El discurso de Ceferino, cargado de firmeza y lucidez, sorprendió no solo a los dos bandos enfrentados, sino también a sus propios vecinos. Y mayor fue su asombro cuando Ceferino les pidió que regresaran al pueblo, dejando en la campiña a los dos grupos de señores para resolver su disputa.

Los templarios y el Cabildo, heridos en su orgullo por las acusaciones, decidieron enfrentarse de inmediato. Acordaron un combate sin muerte, usando armas desmochadas, que aunque no eran letales, resultaron en numerosos heridos graves. La sangre de unos y otros tiñó el campo, mezclándose en un reguero fruto de su obstinación.

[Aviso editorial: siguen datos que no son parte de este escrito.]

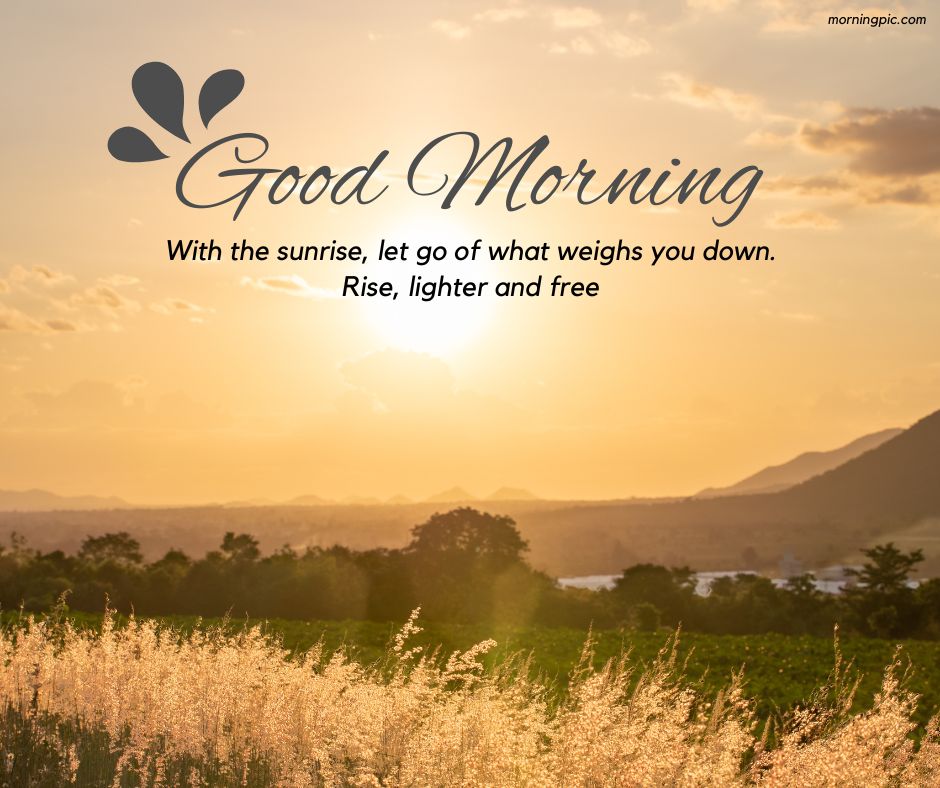 sunrise good morning images english new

Aunque no hubo un vencedor claro, el combate desacreditó a ambos bandos ante los ojos del pueblo, y durante años, ni templarios ni canónigos se atrevieron a exigir el tributo. Cuando finalmente intentaron recuperar su dominio, los campesinos se negaron a pagar, obligándolos a recurrir a instancias superiores, que a lo sumo llegaron a dictaminar bastantes años más tarde, un reparto equitativo del diezmo entre Cabildo y Temple.

Las margaritas, un ejemplo de cómo la vida modula la temperatura del planeta.

Las margaritas, un ejemplo de cómo la vida modula la temperatura del planeta. / Kristine Cinate/Unsplash

Cuentan por aquellos lares que tras la resolución del conflicto, en el campo donde había tenido lugar la batalla comenzaron a brotar flores de dos colores: amapolas rojas y margaritas blancas. Dicen que las amapolas surgieron donde cayó sangre templaria, y las margaritas, donde se derramó la del Cabildo, pero sea como fuere estimado lector, ambas son el mejor recuerdo de que como con astucia, determinación y dignidad, los "payariegos" derrotaron a la injusticia.